Segment Start: EXERCISE DATA

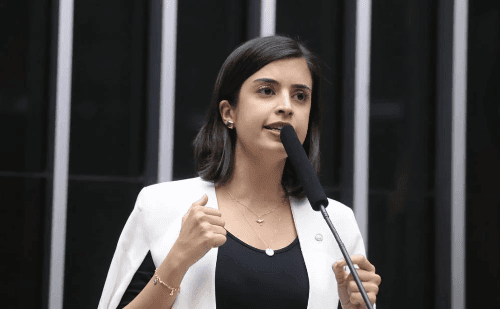 Tabata Amaral remove crítica a apostas em festas juninas após repercussão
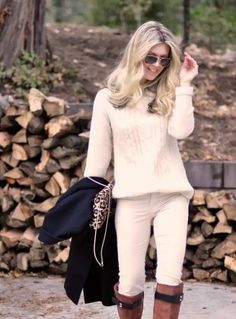 Outfits Show, Winter Outfits Casual Cold, White Corduroy Pants, Winter Work Outfit, 16 Outfits, Pant Outfits For Women, Corduroy Pants Outfit, Winter White Outfit, Winter Pants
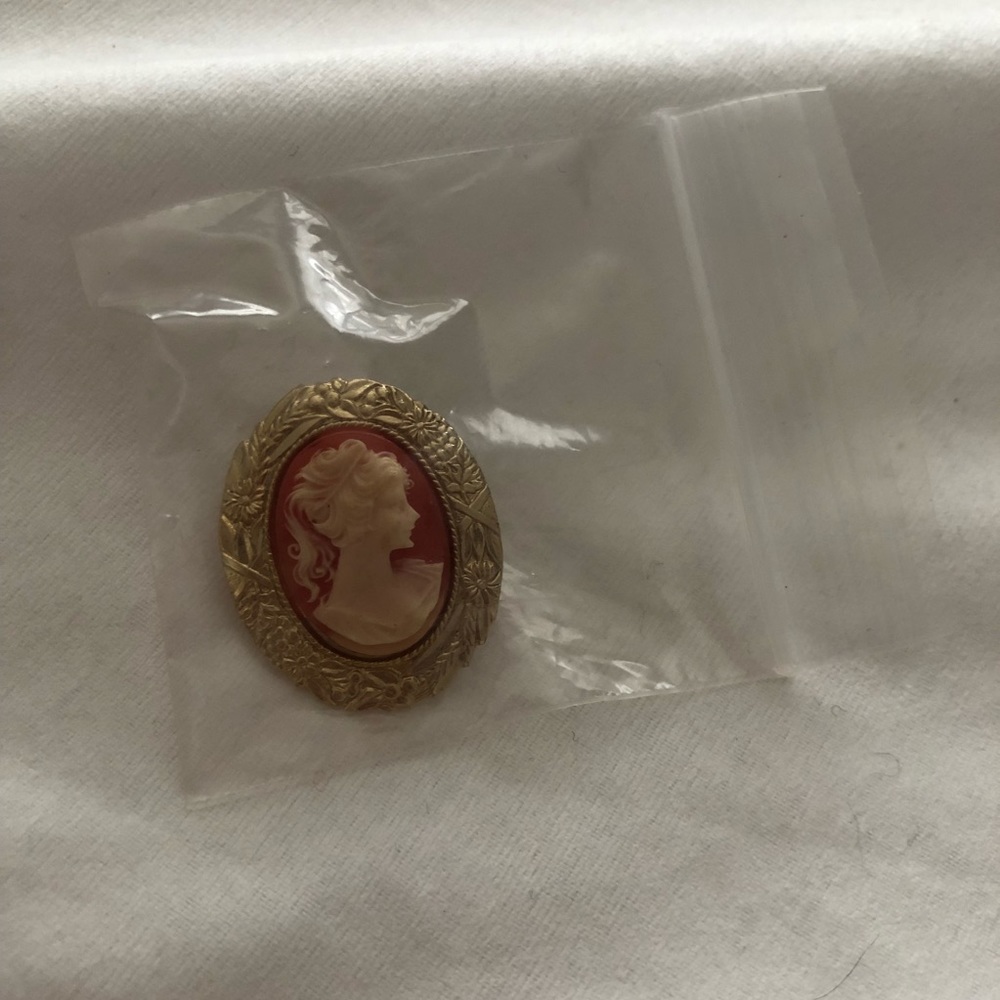 Victorian pin vintage from the 50s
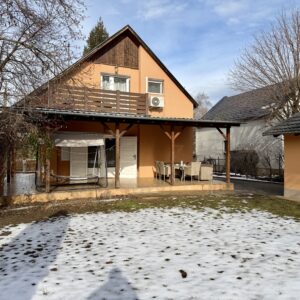 <b>100 m2</b> <br>Fel&uacute;j&iacute;tott nyaral&oacute; Balatonsz&aacute;rsz&oacute;n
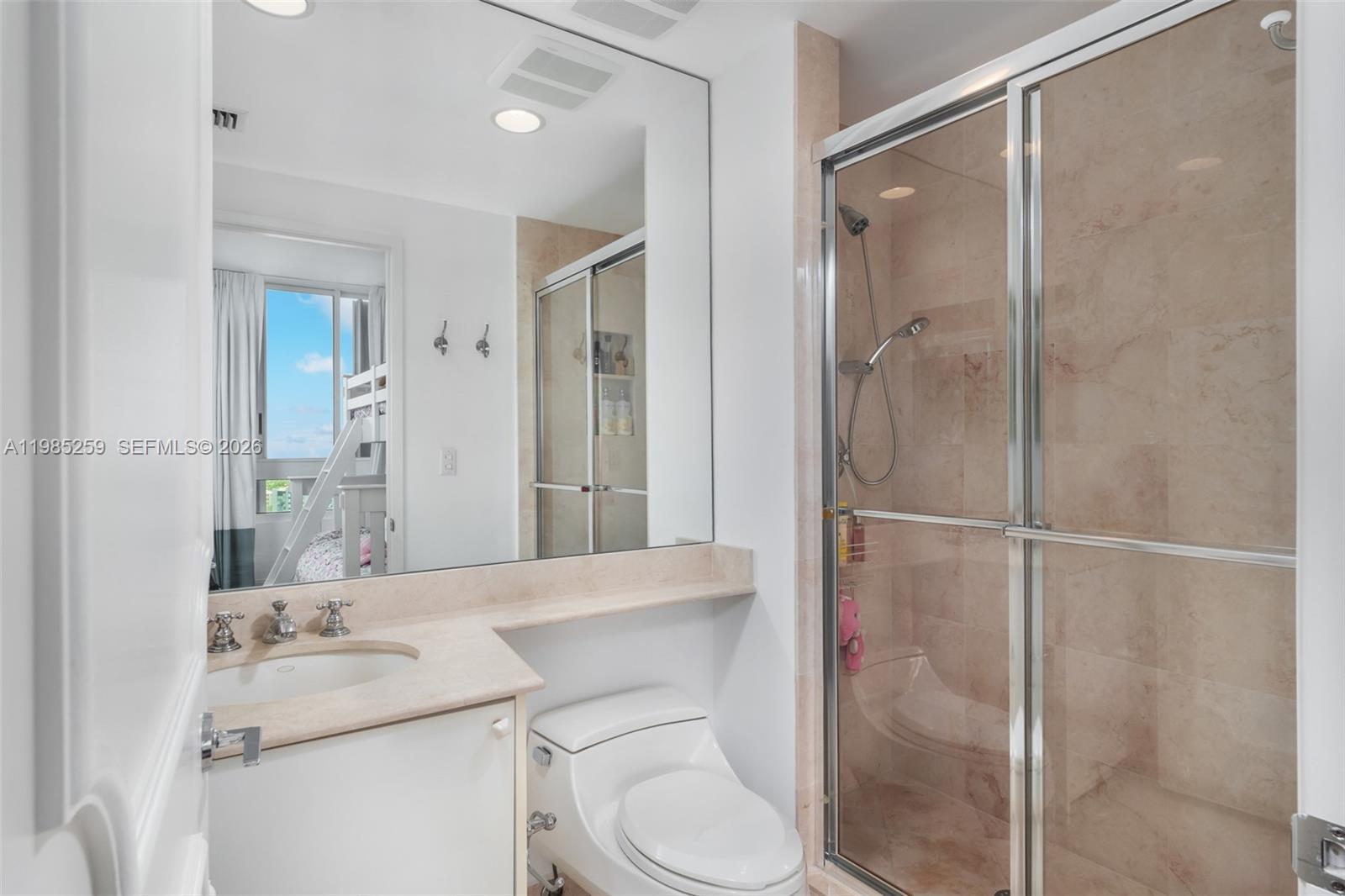 781 Crandon Blvd #1603 Key Biscayne, FL 33149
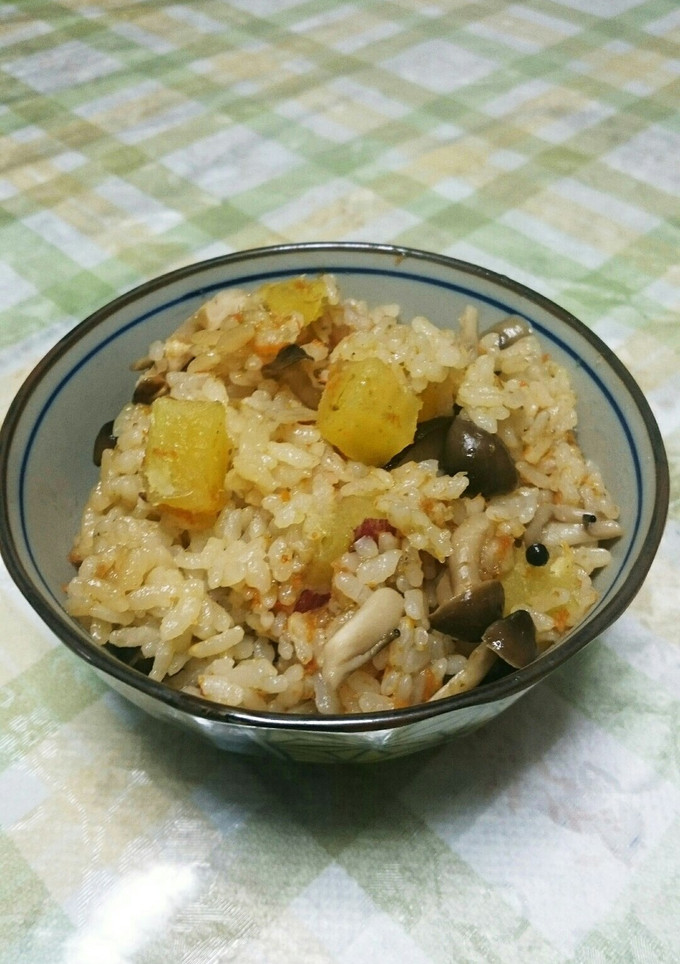 きのことさつま芋☆こぶおろし炊き込みご飯-レシピのメイン写真
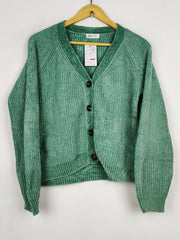 Buy online pre-used pre-loved 100% authentic & Original branded H&M (LS-18640) available in Pakistan. Top international brands avilable.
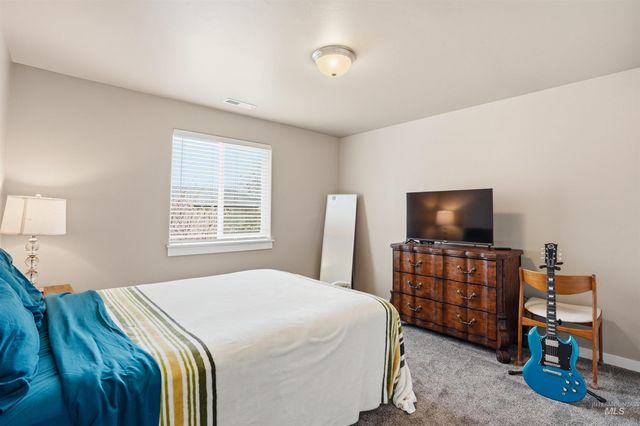 2203 S Tucson Ave, Nampa, ID 83686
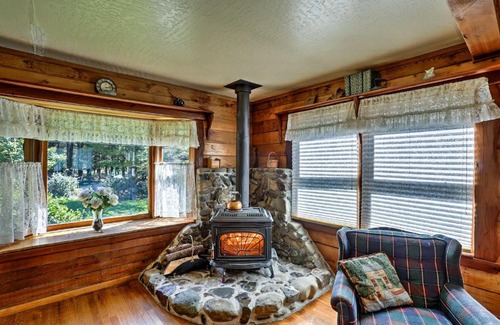 Brookings Casa | Brookings House on 3 Acres, Half Mile to Coast!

Segment End: EXERCISE DATA

YOUR GOAL:
Pictures aside, restate all of the entries exactly.

TASK OUTPUT:
 Tabata Amaral remove crítica a apostas em festas juninas após repercussão
 Outfits Show, Winter Outfits Casual Cold, White Corduroy Pants, Winter Work Outfit, 16 Outfits, Pant Outfits For Women, Corduroy Pants Outfit, Winter White Outfit, Winter Pants
 Victorian pin vintage from the 50s
 <b>100 m2</b> <br>Fel&uacute;j&iacute;tott nyaral&oacute; Balatonsz&aacute;rsz&oacute;n
 781 Crandon Blvd #1603 Key Biscayne, FL 33149
 きのことさつま芋☆こぶおろし炊き込みご飯-レシピのメイン写真
 Buy online pre-used pre-loved 100% authentic & Original branded H&M (LS-18640) available in Pakistan. Top international brands avilable.
 2203 S Tucson Ave, Nampa, ID 83686
 Brookings Casa | Brookings House on 3 Acres, Half Mile to Coast!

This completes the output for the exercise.